YOUR ASSIGNMENT.
Retyping should cover only the lines from the one containing "NWT J.Crew Daphne" through the final line of the records, with pictures omitted.

-------- PROVIDED RECORDS --------

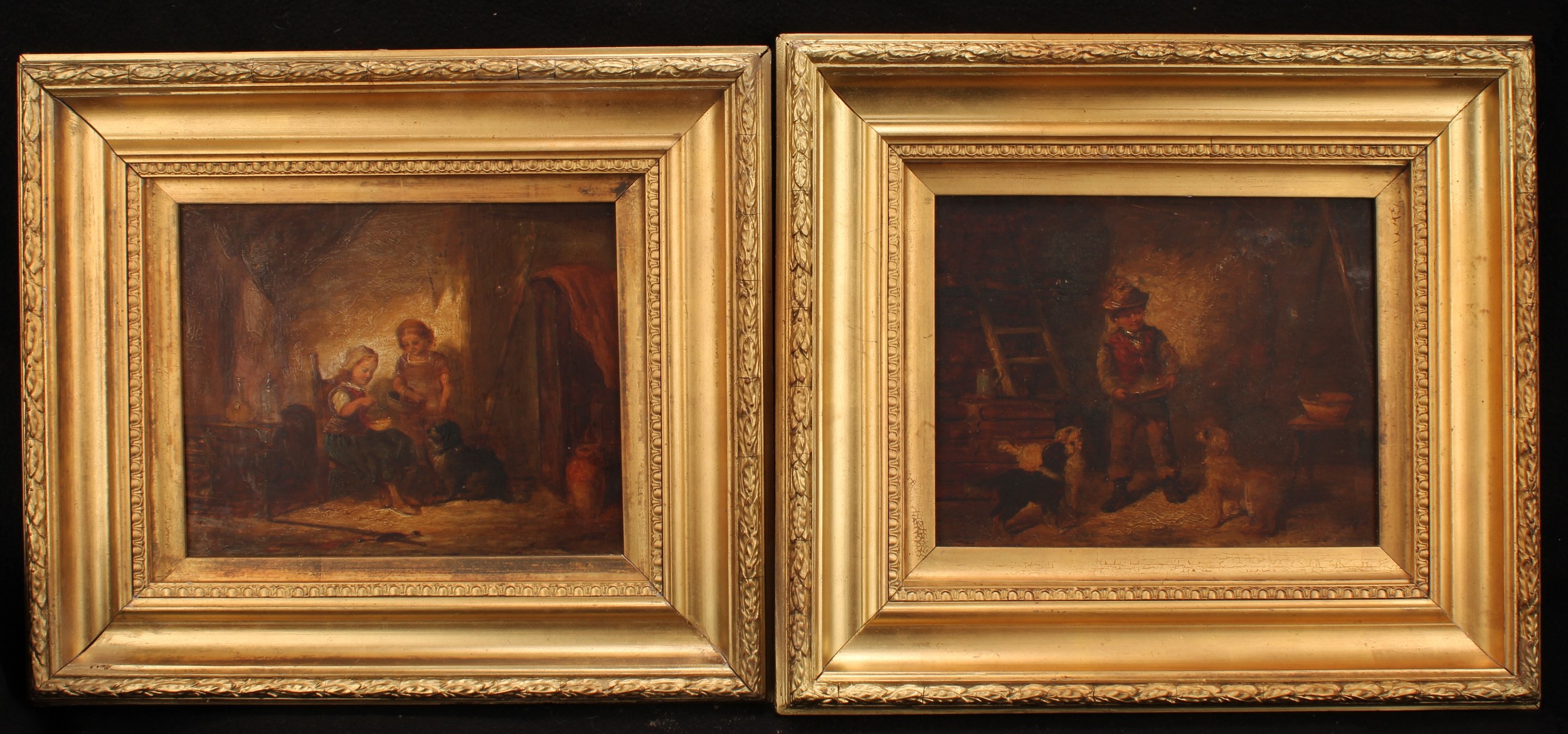 English School (19th century) a pair, Children and Dogs, indistinct monogram, oils on panels, 18.5cm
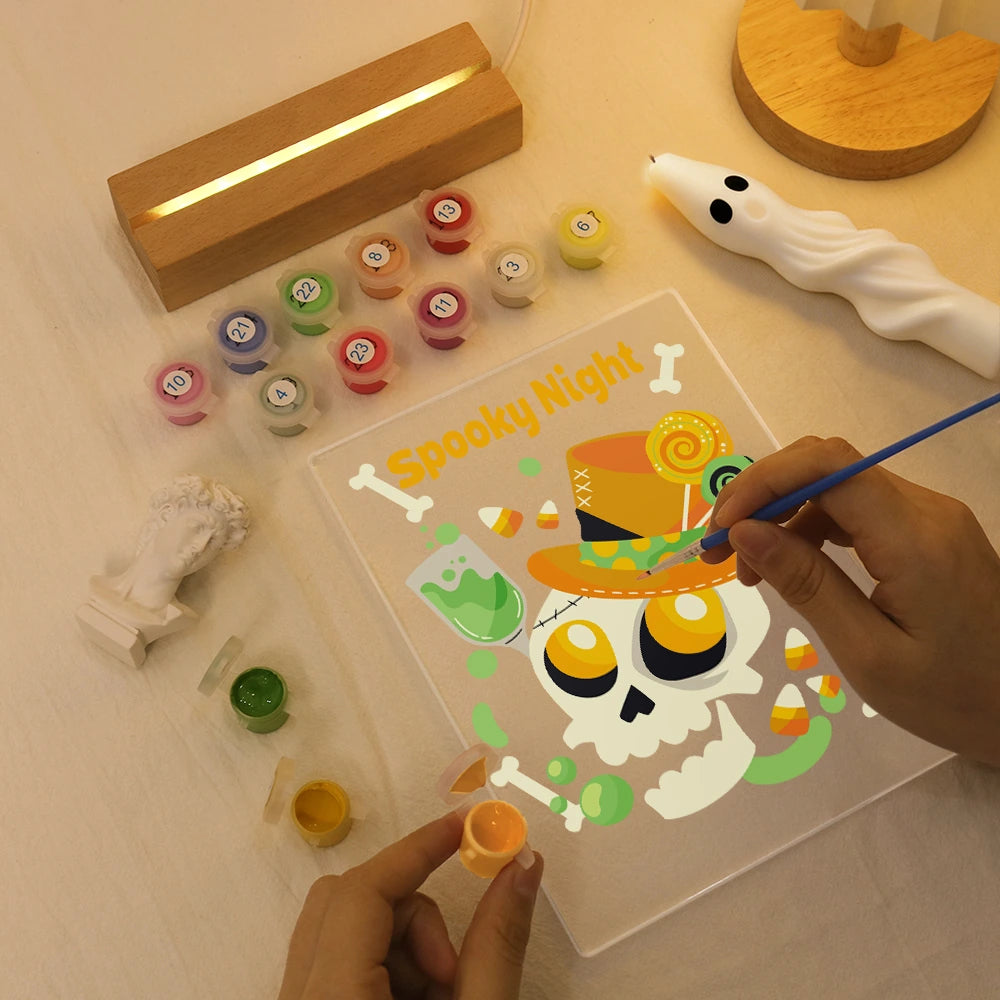 
Paint by Numbers - Halloween Light | Spooky Night Party Skull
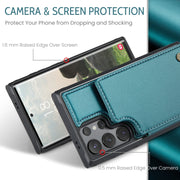 For Samsung Galaxy S24 Ultra 5G CaseMe C22 PC+TPU Business Style RFID Anti-theft Leather Phone Case(Blue Green)
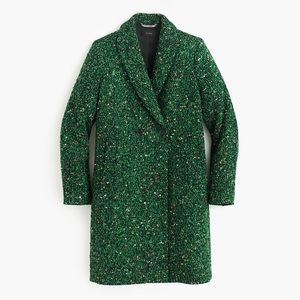 NWT J.Crew Daphne Topcoat Green Italian Tweed 4T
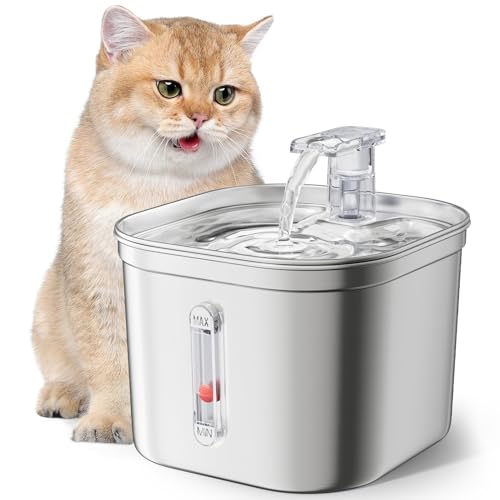 The Fellie Edelstahl Katze Wasserbrunnen, Katze Wasserbrunnen mit Wasserstandsfenster, 2.2L Katze Wasserbrunnen zum Trinken, Automatischer Wasserbrunnen Katzennapf, Haustier Wasserbrunnen für Hunde von The Fellie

--------

OUTPUT OF THE TASK.
 NWT J.Crew Daphne Topcoat Green Italian Tweed 4T
 The Fellie Edelstahl Katze Wasserbrunnen, Katze Wasserbrunnen mit Wasserstandsfenster, 2.2L Katze Wasserbrunnen zum Trinken, Automatischer Wasserbrunnen Katzennapf, Haustier Wasserbrunnen für Hunde von The Fellie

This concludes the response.